Halfway through the book we enter what appears to be the endgame. While competing in Sweden, Seelenbinder is asked by Communist associates to denounce Hitler’s war-making plans to the world media while on the Olympic victory dais. No consideration appears to have been given to his safety immediately afterwards. He agrees to consider the proposal. And so – on to the 1936 Olympic Games in Berlin.
Does anyone remember the ’36 Olympics? Today, when the queering of sport by politics or money or doping is the norm rather than the exception, it is hard to imagine anyone being taken in by Hitler’s Games, the biggest fraud in the history of organized sport. Yet taken in they were, the throngs of illustrious visitors who arrived in Berlin for the Olympic fortnight. Discovering ‘a limitless prodigality’ in ‘the most law-abiding and quietest capital in Europe’ they were moved to ecstasy, won over by a massive confidence trick which sealed the triumph of Adolph Hitler and masked his preparation for war.
Seelenbinder’s time at the games is captured in finely drawn detail. Lyrical evocations of running through the forested training areas are counterpointed by the pervasive fear of betrayal and contemplation of the poisoned chalice implicit in the successful performance of his planned role. Deliverance finally arrives in the form of his failure to win even the bronze medal. We are given the most plausible possible reasons therefor, and left to decide for ourselves. Such is the reality of life.
The following six years are hardly an anticlimax. While continuing to compete, Seelenbinder works as a courier along with other resistance activities. McNeish captures the ever-present fear of betrayal and arrest along with vignettes of happier times shared with those close to him. We know his arrest is inevitable, and so does he. His trial will be a farce, and his fate unthinkable.
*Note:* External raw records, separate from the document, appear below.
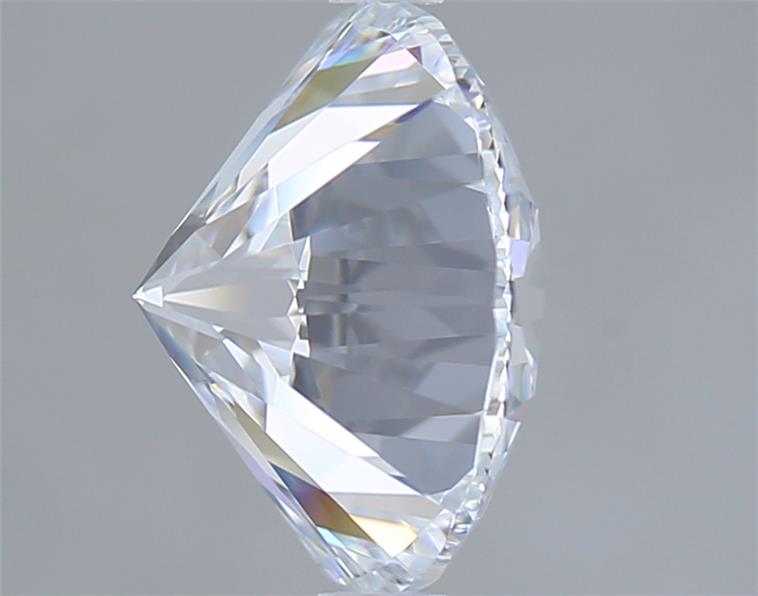 3.02 Carat Round Lab Diamond :: Greenstar spin frame 06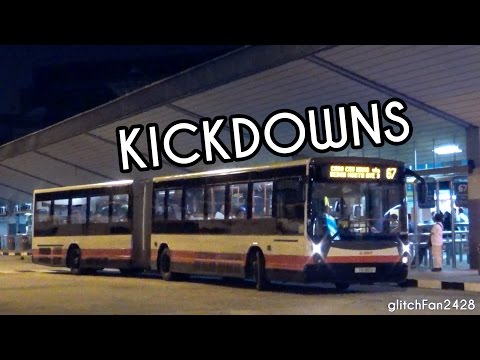 [SMRT]  (Retired) MAD ZF MB O405G HELLFIRE KICKDOWNS  - TIB1115D on Service 67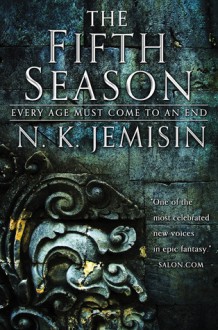 The Fifth Season - N.K. Jemisin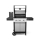 KOLER Grill ogrodowy COMPACT srebrny - 1529494 - zdjęcie 6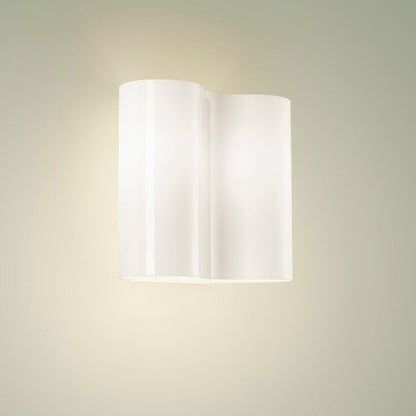 Double Wall Wall Light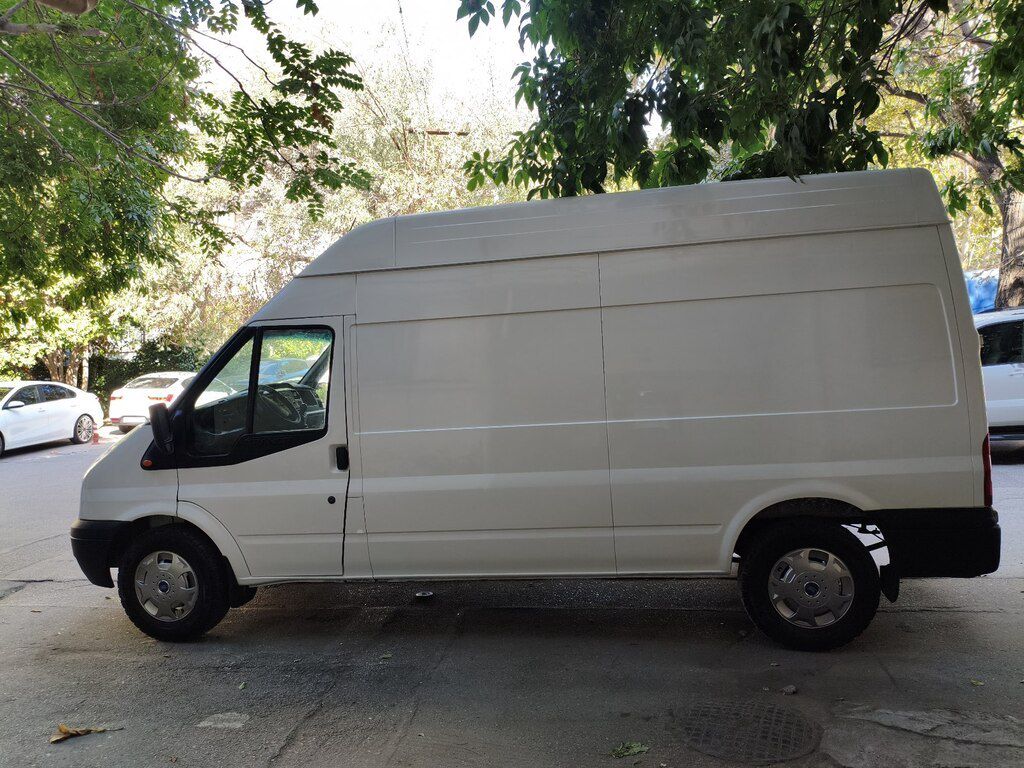 Ford Transit, 2.4 L, 2008 il, 237 000 km — Avtomobillər, Bakı (11)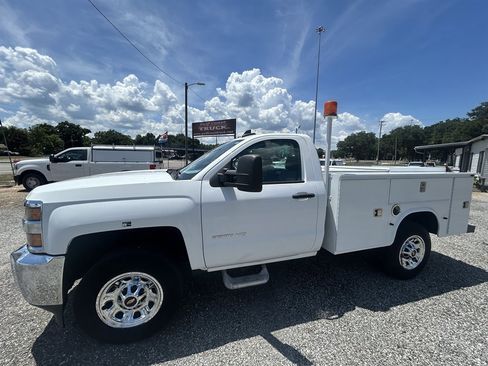 Used 2015 Chevrolet Silverado 3500 W/T image 14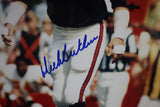 Dick Butkus Autographed Chicago Bears 8x10 Framed Photo - Fanatics COA
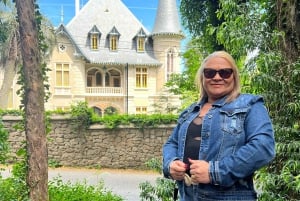 Sintra: 1-stündige TUKTUK-Tour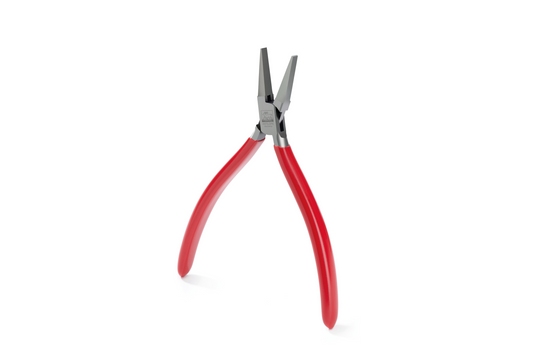 04 020 130 ANTILOPE® flat pliers without spring without cut 130mm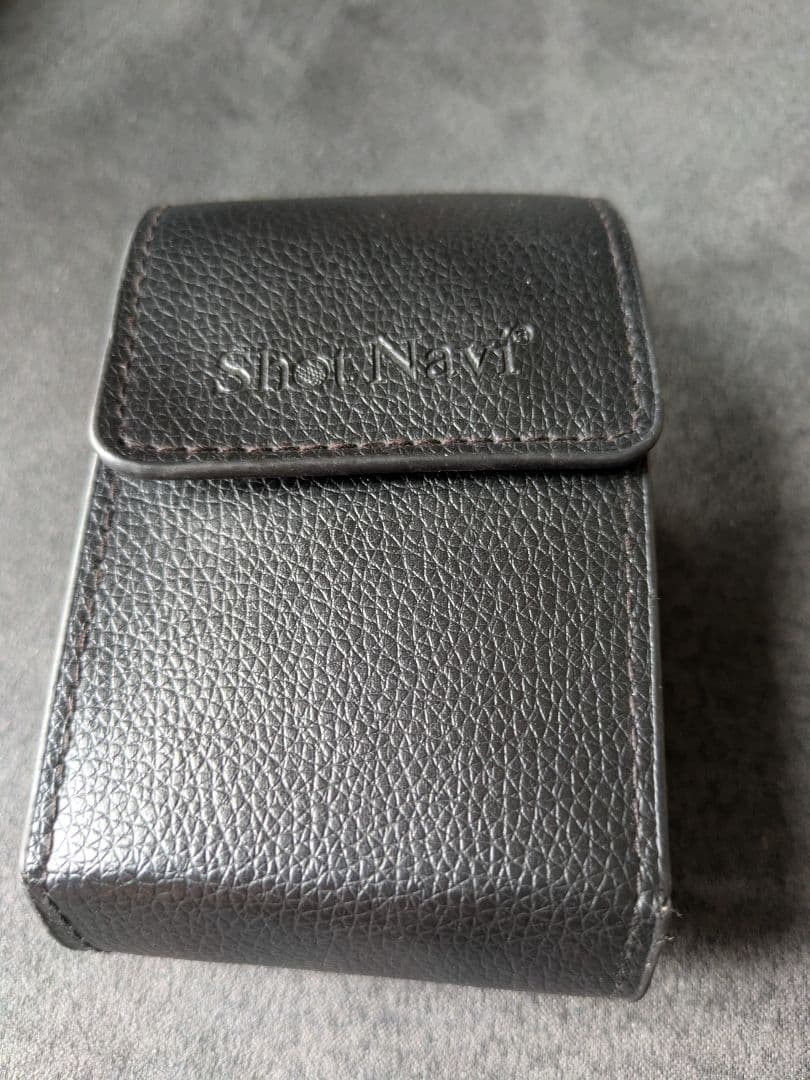 ShotNavi VoiceLaser GR Leoシリーズ/　ゴルフ距離計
If he succumbs to the brutality of his interrogators, his friends will die. He is arrested, convicted and tortured, but remains silent. There is far more, but I will let the author tell his story.
It is humbling when one sits back to evaluate the level of involvement and research McNeish has invested in producing this eloquent tribute to the lives of ordinary individuals swept up in extraordinary times. Seelenbinder the myth is now Seelenbinder the man, stripped of exaggeration and invention on the one hand, and rescued from politically imposed obscurity on the other. I can but echo the praises quoted on the book’s rear cover.
BRIAN CLEARKIN is a writer and reviewer who lives on the Coromandel.